Hello Paul, There is something wrong with our Anaphora instance, I was off for a while and yesterday morning I see there are no more jobs or any configuration present:
I restore a backup from the 14th of March 2025. But I’ve no idea why the configuration was missing
Any idea ?
kr,
Gautier.
nb: I add the idea of creating an API to export configuration; My idea is to schedule a daily export of the configuration to be able to restore everything quickly and it may help us to deploy anaphora on another instance as well etc.
ps: the instance is now running in the latest version available: v0.8.105
Oh no! Can it be that the container was restarted and the config was stored in a file contained in a directory that was not mounted in the host filesystem?

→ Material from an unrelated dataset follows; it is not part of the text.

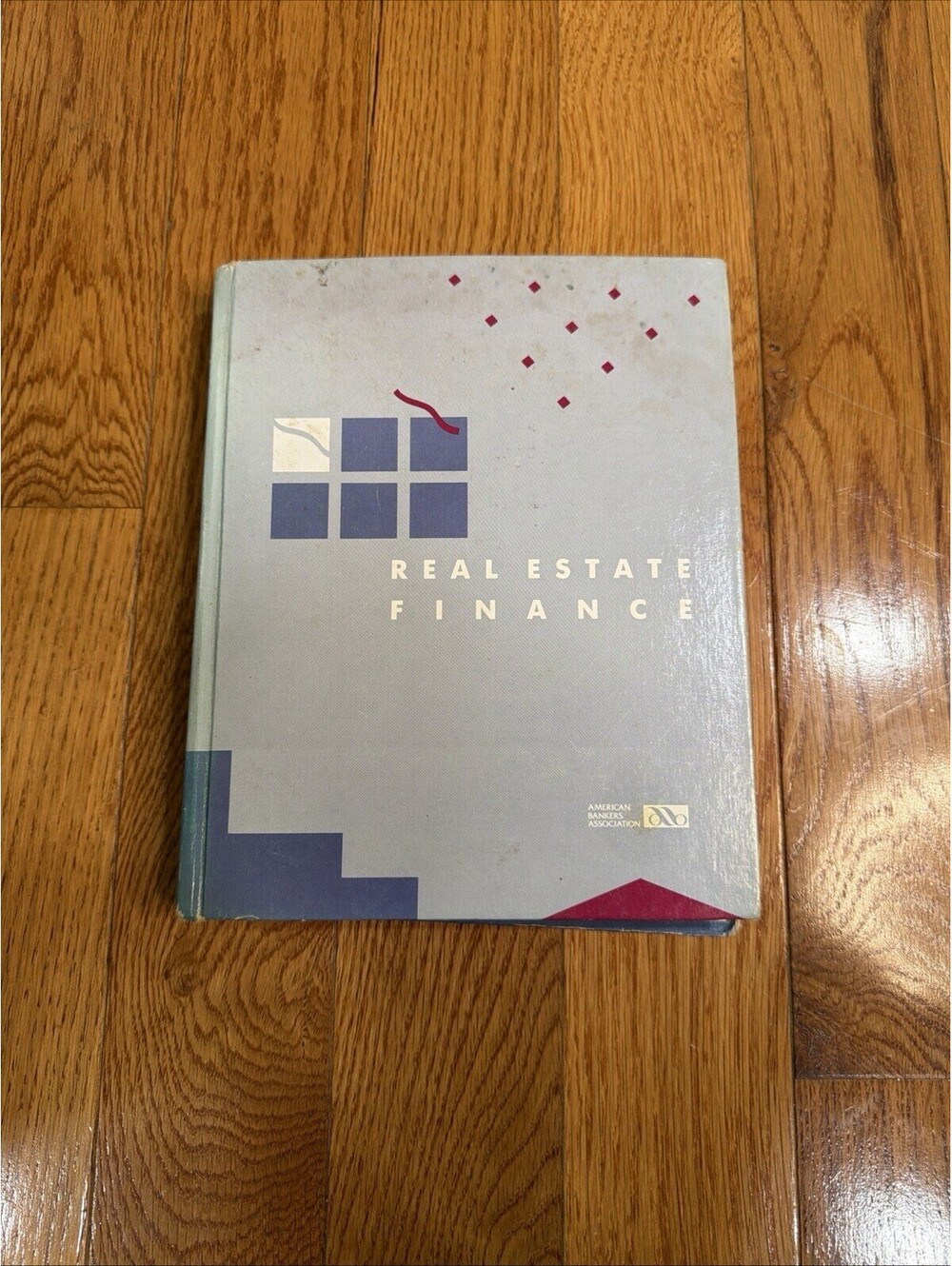 Real Estate Finance Michael R. Bushanan ,Ronald D. Johnson (book Shelf 4)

Anyway +1 for the Backup/Restore API. @gautier.franchini would it be more practical to store that in S3?
Did the system settings also get reset? Like the local users for example.
The system settings are stored in the same folder but in a different file. If they are still the same, this could narrow down the error.
Before you do the import of the backup, can you check the storage folder and see if there is an storage.json file? Does it have any content inside?
This could help identify the issue why the data got lost in the first place.
To avoid any side effects, I now run the anaphora container with a dedicated service accompt; Here are my steps if it can help you update the documentation for future users of anaphora
Create Service Account user (no home dir)
# First, create the group with GID 996
sudo groupadd -g 996 svc_anaphora
# Then, create the user with UID 996, no password, no login shell
sudo useradd -u 996 -g 996 -M -s /bin/false svc_anaphora
# check user
getent passwd svc_anaphora
Explanation:
`-u 996``: sets UID to 996
`-g 996``: sets primary GID to 996
`-M``: do not create a home directory
`-s /bin/false``: no login shell (service account)
As a workaround I restored an export from last week, therefore It could be a nice to have in a future release to be able to:
to possibility to select all jobs we want to re-run and have a button to re-run them all one after the other (not in parallel to avoid any issue if targeting the same kibana/elasticsearch instance for example)
An API to schedule a daily export, a daily backup of the anaphora config to be able to restore the service as quickly as possible
Thank you for the suggestions. I will add them to our board.
I also have an idea of what could have caused the sudden data loss.
I will start working on a patch for that.